He poured out a confused torrent of words. He hadn't meant to. It was his
first independent job. Maybe he was just no damn good. He'd tried to keep the
lower personnel up to snuff while he was dogging it himself but it couldn't be
done;
they sensed it and took liberties and you didn't dare check them up. His
self-pitying note changed; he became weakly belligerent. What difference did
it make anyway? It was just preliminary paperwork. One man's guess was as good
as another's.
And anyway the whole project might go down the drain. What if he had been
taking it easy; he bet there were plenty of other people who took it easy and
everything came out all right anyway.
"No," I said. "You're wrong and you ought to know you're wrong. Advertising's
an art, but it depends on the sciences of sampling, area-testing, and customer
research. You've knocked the props from under our program. We'll salvage what
we can and start again."
He took a feeble stand: "You're wasting your time if you do that, Mr.

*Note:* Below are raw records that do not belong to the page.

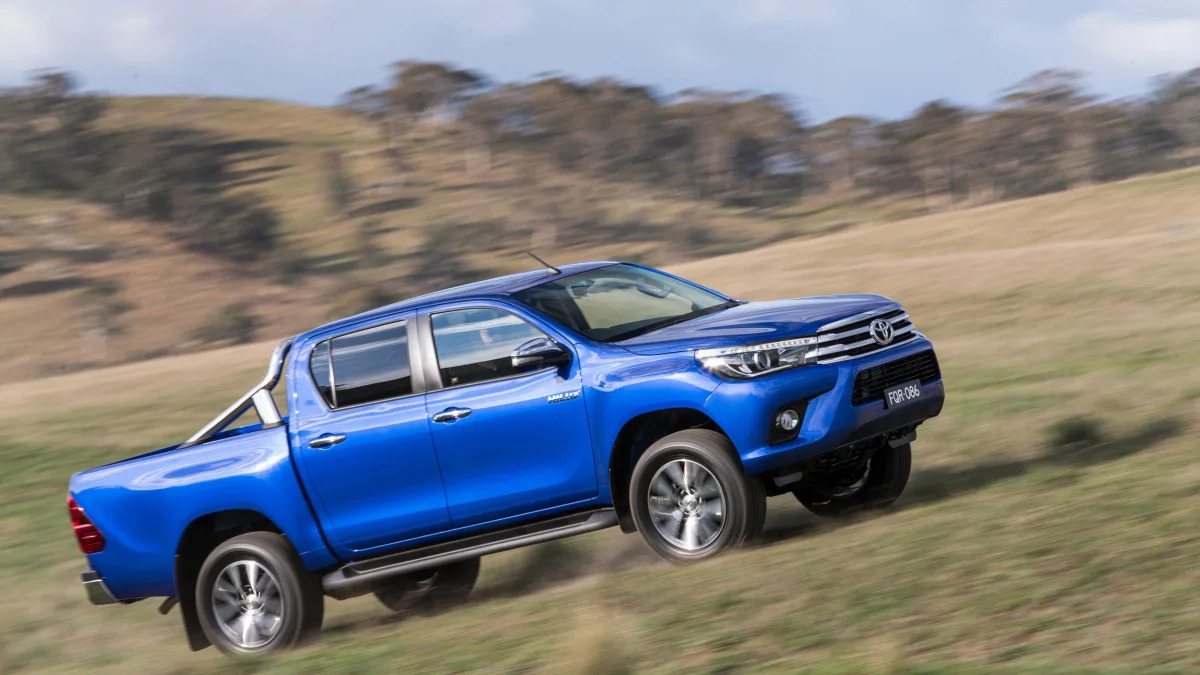 2016 Toyota HiLux pickup truck driving uphill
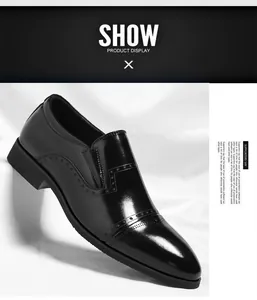 Detailed view of black men's slip-on business formal leather shoes with brogue pattern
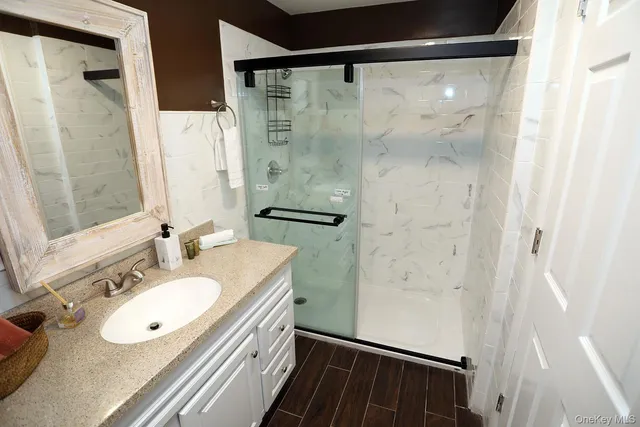 a bathroom with a sink vanity granite tub and shower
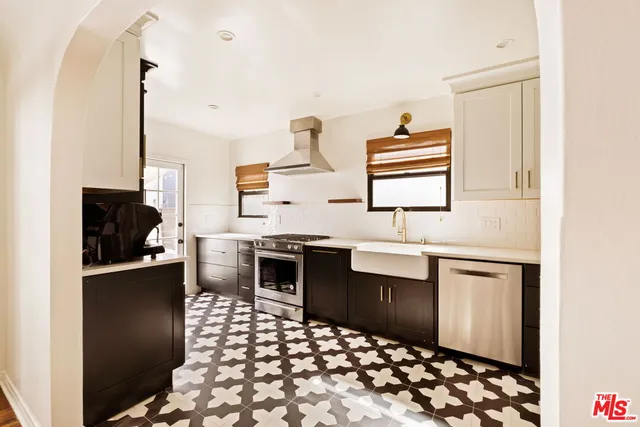 a kitchen with stainless steel appliances a sink stove and refrigerator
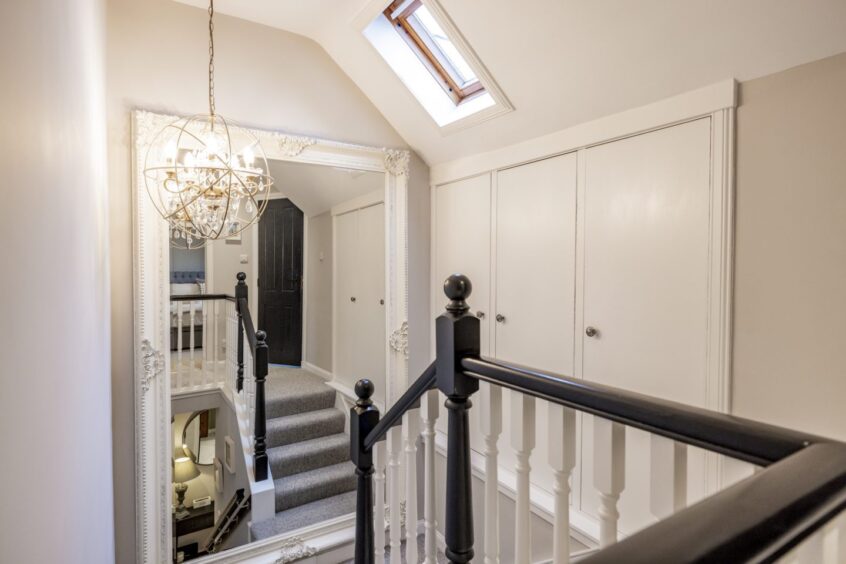 Upstairs landing with a very large mirror at this Mannofield property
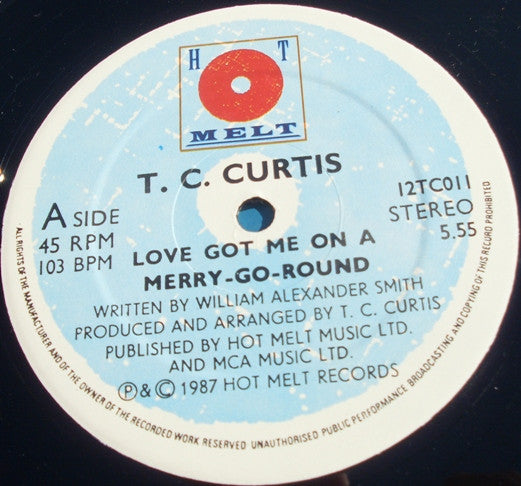 T.C. Curtis : Love's Got Me On A Merry Go Round (12", Single)
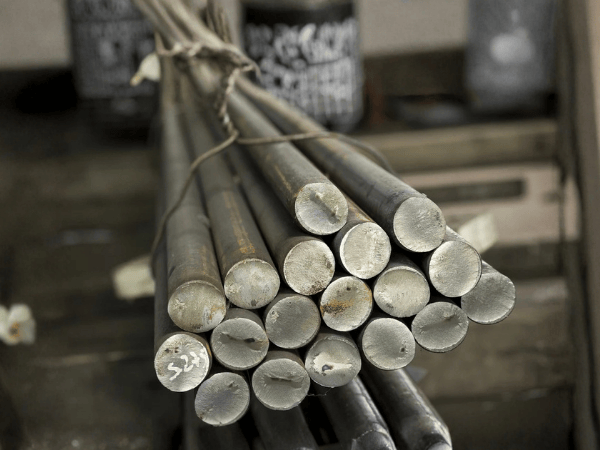 A bundle of grey metal rods stacked together, viewed from the end, tied with wire in a workshop setting.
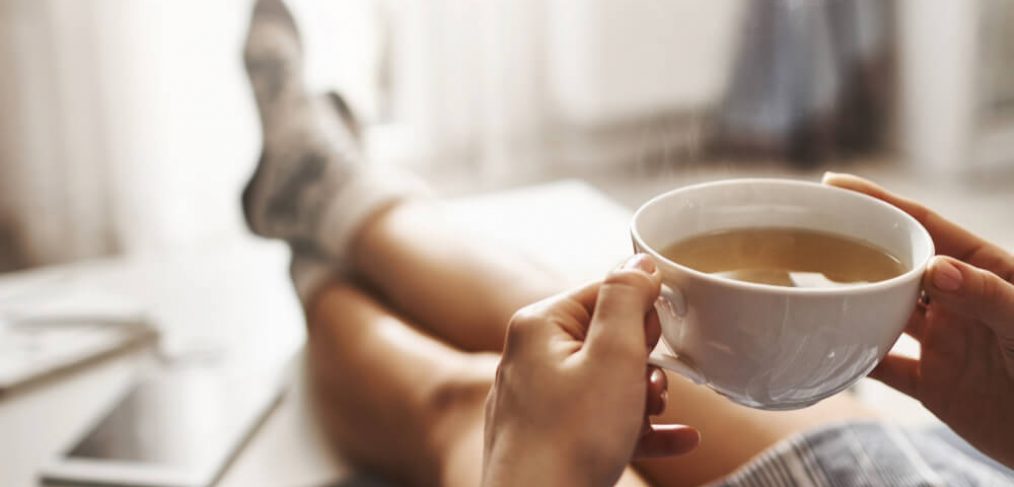 Drinking tea on the couch, with socks on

Courtenay. I've been working closely with Mr.
Runstead for a long time. I know what he thinks, and he's as big a shot as you
are. He thinks this paperwork is just a lot of expensive nonsense."
I knew Matt Runstead better than that. I knew he was sound and so did
everybody else. "What," I asked sharply, "have you got to back that statement
up with? Letters? Memos? Taped calls?"
"I must have something like that," he said, and dived into his desk. He
flipped through letters and memos, and played snatches of tape for minutes
while the look of fear and frustration on his face deepened. At last he said
in bewilderment: "I
can't seem to find anything but I'm sure "
Sure he was sure. The highest form of our art is to convince the customer
without letting him know he's being convinced.
This weak sister had been indoctrinated by Runstead with the unrealistic
approach and then sent in on my project, to do a good job of bitching it up.
"You're fired, Harris," I said. "Get out and don't come back. And I wouldn't
advise you to try for a job in the advertising profession after this."
I went out into the office and announced: "You're through. All of you. Collect
your personal stuff and leave the office.
You'll get your checks by mail."
They gaped. Beside me, Kathy murmured: "Mitch, is that really necessary?"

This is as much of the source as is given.